Crop dusters have been taking to the skies in Allen County and surrounding areas over the past couple of weeks.
In order to get a closer look at the process, this Register reporter visited the Allen County airport on Thursday, where multiple planes were being filled with chemicals and “cover crop” before making their rounds.
Matt Orth is a pilot who has been flying for 15 years, and had just landed after a run when he spoke to the Register.
He was specifically depositing a “cover crop” on select fields, which he explained is a substance composed of cereal rye, radishes and turnips.
Cover crops are a part of no-till programs, Orth said, and “we’re putting it in the standing crop right before harvest.”
“Hopefully it gets a rain and comes up before they even harvest the crop,” he said.
“It covers the ground during the wintertime, and helps use up the excess nitrogen in the soil so that the nitrogen doesn’t leach into the water,” especially after periods of heavy rain.
“Nitrogen is the fertilizer for corn,” Orth noted. “They’ll put fertilizer down, and whatever that corn crop doesn’t use, this crop will use the rest of it.”
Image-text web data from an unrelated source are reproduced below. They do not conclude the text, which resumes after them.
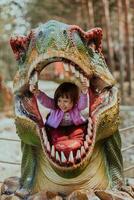 A little girl playing in the park. The concept of family socializing in the park. A girl swings on a swing, plays creative games photo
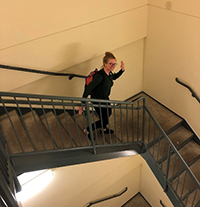 A photo of Kristina Haley waving as she walks down a flight of stairs.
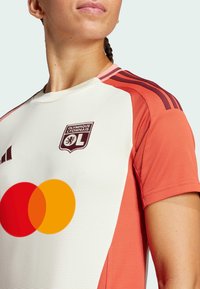 Maillot de soccer rouge et blanc avec un tissu texturé, à manches courtes, et le logo de l'Olympique Lyonnais. Comprend un logo circulaire de Mastercard.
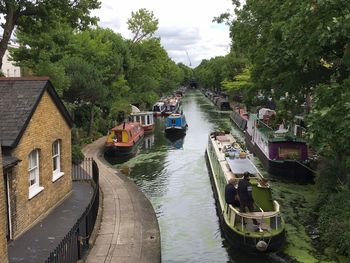 High angle view of river amidst trees against sky
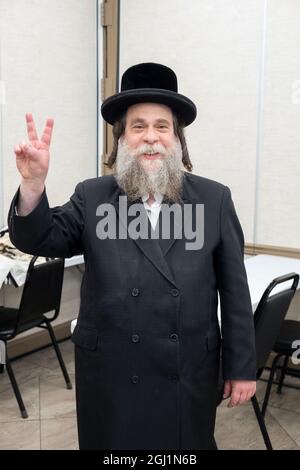 Un uomo ebreo ortodosso con lunghi margini ricci dà a questo fotografo un sorriso e un segno di pace. A Brooklyn, New York. Foto Stock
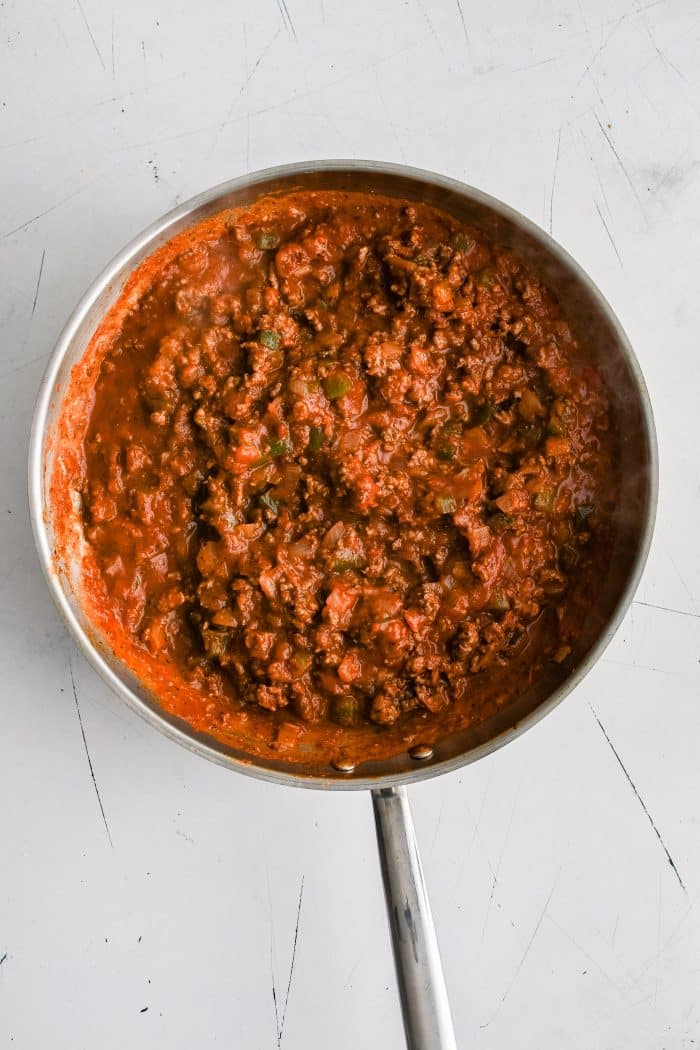 Large stainless steel skillet filled with ground beef, diced onion and green bell peppers mixed in tomato sauce.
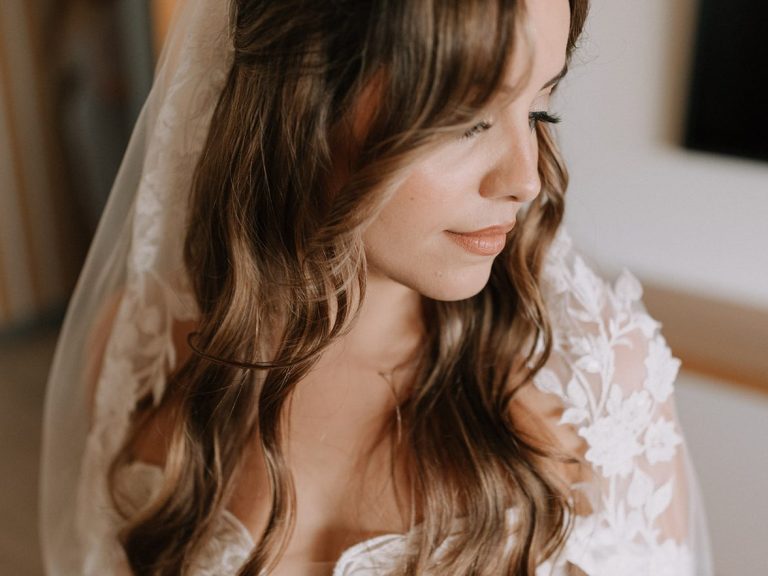 Braut mit langen, lockigen Haaren und zartem Schleier, sieht nachdenklich aus. Geschminkt von ALMA Kosmetik & Wellness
He also said that cover crops can “keep the soil active and working all year,” as well as “help keep the weeds down.”
Cover crops likewise help provide grazing for cattle and protect against soil erosion, which are two of the many reasons why the government provides incentives for the practice.
REGARDING the task of flying the aircraft, Orth said that “we just set a line, usually on the edge of the field. And it’s 65- or 70-foot swaths.”
“We just fly back and forth every 65 or 70 feet.”
“For cover crop, I’ll just back-to-back it,” Orth said, drawing in the dust on top of a wheel well.
“When we’re doing liquid, it’s more like a race track. … You come down one edge, you come down the other edge until you get to the middle.”
What’s the greatest challenge when crop dusting?
“Everything. Everything,” Orth said.
“The environmental factors, the surroundings, watching all around you.”
And there are several things to watch out for, Orth said, where computer-generated maps can only help so much.
“Peoples’ houses, honey bees … the mapping program shows any of the organics, beehives and stuff that are registered with the state.”
Beyond having to dodge spraying certain things on the ground, what’s the craziest thing that ever happened to you while you were crop-dusting?
“Engine failure,” Orth said. “I landed in an alfalfa field.”
ENGINES were roaring nearby when Roy Louk explained some of the details of spraying for insects, as he added the appropriate chemicals to water and then pumped them into the small aircraft nearby.
After working for AG Choice in Moran over the past three years, “I can’t even name all the worms we’re after!” he exclaimed.
He then produced a list of undesirables that included: grasshoppers, aphids, armyworms, chinch bugs, corn rootworms, cutworms, European corn borers, flea and leaf beatles, webworms, billbugs, stalk borers, and the dreaded corn earworm.
Farmers loath the corn earworms especially, since “they’ll go in there and eat the beans right out of the pod.”
This is why “you can have almost a total loss if you don’t spray,” chimed in Todd Strickler from the LeRoy COOP.
THE agriculture and crop-dusting specialists interviewed were also sensitive to how the practice is perceived, especially by environmental groups.
There’s frustration in the voices of many of those who spoke, as it’s clear the farmers involved are treading a fine line between being successful agriculturally while being cognizant of peoples’ concerns.
The farmers and pilots “do care about what they’re doing,” explained Ryan Dawnson, also of LeRoy COOP.
“Unfortunately, they get blamed for a lot of issues,” he added, despite keeping an eye out for organic fields, beehives and paying careful attention to wind patterns.
Whether such divergences in perception can be overcome is impossible to say, but in the meantime, the dusters will keep taking to the skies.